Ora tocca al calcio. I bollettini che arrivano dalla Francia parlano di scontri tra tedeschi e ucraini sulla Grande Place di Lilla, di tafferugli a Nizza tra irlandesi e polacchi e, soprattutto, di una vera e propria guerra tra inglesi e russi a Marsiglia, con quaranta feriti di cui almeno quattro molto gravi.
Solo fenomeni marginali, lontanissimi dagli smottamenti della geopolitica? Può darsi. Eppure colpiscono alcune coincidenze. Difficile ad esempio non mettere in relazione la virulenza dei nuovi hooligan dell’est Europa con lo sviluppo, in quelle regioni, di regimi sempre più autoritari e intolleranti.
A Mosca, gli incidenti di Marsiglia sono stati condannati dal ministro per lo sport, ma elogiati da Igor Lebedev, uno dei capi della federazione calcistica, che è anche deputato e addirittura vicepresidente del parlamento russo. «In nove casi su dieci - ha dichiarato - i tifosi vanno alle partite per combattere, ed è normale. I tifosi hanno difeso l’onore della madrepatria e non hanno permesso agli inglesi di dissacrarlo».
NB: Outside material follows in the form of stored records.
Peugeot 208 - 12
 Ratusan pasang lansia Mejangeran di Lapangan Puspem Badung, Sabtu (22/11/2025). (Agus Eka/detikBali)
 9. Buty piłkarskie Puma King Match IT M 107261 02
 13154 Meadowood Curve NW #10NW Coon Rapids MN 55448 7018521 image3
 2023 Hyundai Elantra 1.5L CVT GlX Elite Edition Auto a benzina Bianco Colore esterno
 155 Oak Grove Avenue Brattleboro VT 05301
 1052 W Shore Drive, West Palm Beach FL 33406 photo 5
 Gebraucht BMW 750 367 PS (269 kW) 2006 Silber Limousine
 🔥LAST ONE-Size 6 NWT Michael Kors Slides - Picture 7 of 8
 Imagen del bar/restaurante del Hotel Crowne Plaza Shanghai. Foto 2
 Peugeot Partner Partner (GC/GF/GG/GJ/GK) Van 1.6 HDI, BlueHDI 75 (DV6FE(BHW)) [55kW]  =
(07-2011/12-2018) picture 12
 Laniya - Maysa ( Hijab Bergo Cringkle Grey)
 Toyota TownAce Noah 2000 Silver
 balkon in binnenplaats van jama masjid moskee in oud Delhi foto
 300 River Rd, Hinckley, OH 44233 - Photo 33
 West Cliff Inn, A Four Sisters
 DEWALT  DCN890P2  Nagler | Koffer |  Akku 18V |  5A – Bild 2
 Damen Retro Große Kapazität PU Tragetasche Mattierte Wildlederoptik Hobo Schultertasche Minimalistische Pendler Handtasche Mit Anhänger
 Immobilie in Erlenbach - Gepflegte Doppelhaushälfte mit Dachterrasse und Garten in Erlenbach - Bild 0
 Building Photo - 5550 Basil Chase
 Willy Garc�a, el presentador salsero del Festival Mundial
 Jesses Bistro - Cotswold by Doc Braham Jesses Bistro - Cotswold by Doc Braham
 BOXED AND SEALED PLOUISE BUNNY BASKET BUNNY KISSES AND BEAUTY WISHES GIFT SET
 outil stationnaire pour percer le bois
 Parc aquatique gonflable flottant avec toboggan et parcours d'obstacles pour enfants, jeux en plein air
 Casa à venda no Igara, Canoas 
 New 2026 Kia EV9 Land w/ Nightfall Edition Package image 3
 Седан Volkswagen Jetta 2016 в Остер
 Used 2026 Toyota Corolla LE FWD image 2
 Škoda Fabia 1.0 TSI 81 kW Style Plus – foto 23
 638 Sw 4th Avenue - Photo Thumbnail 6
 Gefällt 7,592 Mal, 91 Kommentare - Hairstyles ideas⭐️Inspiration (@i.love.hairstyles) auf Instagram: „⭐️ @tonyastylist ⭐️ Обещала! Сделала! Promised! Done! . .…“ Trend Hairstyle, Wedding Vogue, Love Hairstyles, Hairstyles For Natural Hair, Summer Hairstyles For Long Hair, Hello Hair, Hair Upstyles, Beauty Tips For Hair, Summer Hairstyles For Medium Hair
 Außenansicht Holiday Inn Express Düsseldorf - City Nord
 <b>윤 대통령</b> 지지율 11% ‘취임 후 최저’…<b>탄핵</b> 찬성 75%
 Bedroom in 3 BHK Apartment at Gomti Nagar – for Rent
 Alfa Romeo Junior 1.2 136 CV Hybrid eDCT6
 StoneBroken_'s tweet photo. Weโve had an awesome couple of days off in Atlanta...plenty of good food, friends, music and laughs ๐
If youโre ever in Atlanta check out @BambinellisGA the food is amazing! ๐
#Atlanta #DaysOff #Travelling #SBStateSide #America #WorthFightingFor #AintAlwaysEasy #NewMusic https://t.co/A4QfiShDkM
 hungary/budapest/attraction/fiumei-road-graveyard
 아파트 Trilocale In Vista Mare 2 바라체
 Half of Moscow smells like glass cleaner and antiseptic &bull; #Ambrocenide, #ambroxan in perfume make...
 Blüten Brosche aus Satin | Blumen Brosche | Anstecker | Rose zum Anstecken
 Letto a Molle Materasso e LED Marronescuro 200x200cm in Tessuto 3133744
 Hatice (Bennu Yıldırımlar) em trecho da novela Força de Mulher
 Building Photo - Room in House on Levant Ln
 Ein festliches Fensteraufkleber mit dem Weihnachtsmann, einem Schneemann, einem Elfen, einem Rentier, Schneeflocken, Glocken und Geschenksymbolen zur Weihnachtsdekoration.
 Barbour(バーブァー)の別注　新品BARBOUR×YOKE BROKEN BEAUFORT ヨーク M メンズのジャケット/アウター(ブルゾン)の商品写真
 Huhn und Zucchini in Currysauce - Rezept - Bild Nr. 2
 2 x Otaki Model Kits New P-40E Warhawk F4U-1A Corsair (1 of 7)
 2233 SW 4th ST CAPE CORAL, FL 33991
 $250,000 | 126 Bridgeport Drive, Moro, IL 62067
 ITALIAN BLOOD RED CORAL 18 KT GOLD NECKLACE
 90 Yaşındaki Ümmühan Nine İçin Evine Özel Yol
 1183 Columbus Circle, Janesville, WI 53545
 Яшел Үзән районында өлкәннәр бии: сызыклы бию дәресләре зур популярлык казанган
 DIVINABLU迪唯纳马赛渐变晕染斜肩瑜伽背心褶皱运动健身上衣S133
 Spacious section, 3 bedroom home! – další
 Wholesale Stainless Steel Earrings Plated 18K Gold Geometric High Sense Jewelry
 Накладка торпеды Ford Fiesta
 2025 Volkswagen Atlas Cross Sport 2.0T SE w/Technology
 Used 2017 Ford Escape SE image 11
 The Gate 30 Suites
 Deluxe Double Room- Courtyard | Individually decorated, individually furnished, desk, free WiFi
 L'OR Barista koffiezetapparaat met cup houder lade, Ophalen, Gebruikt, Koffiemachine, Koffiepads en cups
Gli altri gruppi di hooligan più temuti dalle forze dell’ordine arrivano da paesi - l’Ungheria, la Polonia, la Slovacchia - che hanno assistito negli ultimi anni ad una radicalizzazione sempre più netta dei governi e delle popolazioni, schiacciati su posizioni di chiusura nazionalista che fanno riaffiorare i peggiori fantasmi del secolo scorso.
Intanto, in Gran Bretagna, c’è chi attribuisce il revival degli hooligan inglesi agli animal spirits scatenati dal dibattito su Brexit. Oltre Manica, i giornali e le televisioni rigurgitano da mesi di argomenti contro l’Europa che toccano vette di xenofobia che non si sentivano dal dopoguerra. Se il sofisticato leader del No all’Europa, l’ex sindaco di Londra Boris Johnson, può definire Obama un keniota e paragonare l’Unione Europea al Terzo Reich, non si capisce perché i birrosi sostenitori della nazionale non dovrebbero sentirsi autorizzati a ripetere concetti più o meno simili per le strade di Marsiglia.
Più in generale, gli scontri tra tifoserie sono lo specchio di un continente diviso e incattivito, nel quale, per un azzardo impossibile da prevedere, le partite che si giocano negli stadi coincidono con almeno due partite decisive che si giocheranno nelle urne la prossima settimana: il referendum su Brexit, appunto, e le elezioni spagnole che dovrebbero (in teoria) sbloccare una situazione paralizzata da mesi.
Nel mezzo di tutto questo, la Francia, in passato uno dei principali motori dell’integrazione europea, si presenta come un ospite imbarazzato e passivo. Concentrata sull’obiettivo di evitare attacchi dall’Isis, fatica a tenere a bada gli hooligan europei che si scontrano nelle sue città. Impegnata a contenere gli scioperi che rischiano in ogni momento di mandare in tilt l’organizzazione del torneo, coltiva l’unico obiettivo di cavarsela senza troppi danni, nel calcio così come in Europa.